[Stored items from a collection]
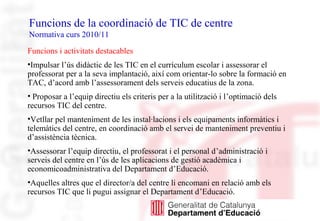 Funcions de la coordinació de TIC de centre
Normativa curs 2010/11
Funcions i activitats destacables
•Impulsar l’ús didàctic de les TIC en el currículum escolar i assessorar el
professorat per a la seva implantació, així com orientar-lo sobre la formació en
TAC, d’acord amb l’assessorament dels serveis educatius de la zona.
• Proposar a l’equip directiu els criteris per a la utilització i l’optimació dels
recursos TIC del centre.
•Vetllar pel manteniment de les instal·lacions i els equipaments informàtics i
telemàtics del centre, en coordinació amb el servei de manteniment preventiu i
d’assistència tècnica.
•Assessorar l’equip directiu, el professorat i el personal d’administració i
serveis del centre en l’ús de les aplicacions de gestió acadèmica i
economicoadministrativa del Departament d’Educació.
•Aquelles altres que el director/a del centre li encomani en relació amb els
recursos TIC que li pugui assignar el Departament d’Educació.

#### Exercise
Give only the lines from the one holding "i assessorar el" through the one holding "d’assistència tècnica.", each restated exactly as it appears above.

#### Answer below
•Impulsar l’ús didàctic de les TIC en el currículum escolar i assessorar el
professorat per a la seva implantació, així com orientar-lo sobre la formació en
TAC, d’acord amb l’assessorament dels serveis educatius de la zona.
• Proposar a l’equip directiu els criteris per a la utilització i l’optimació dels
recursos TIC del centre.
•Vetllar pel manteniment de les instal·lacions i els equipaments informàtics i
telemàtics del centre, en coordinació amb el servei de manteniment preventiu i
d’assistència tècnica.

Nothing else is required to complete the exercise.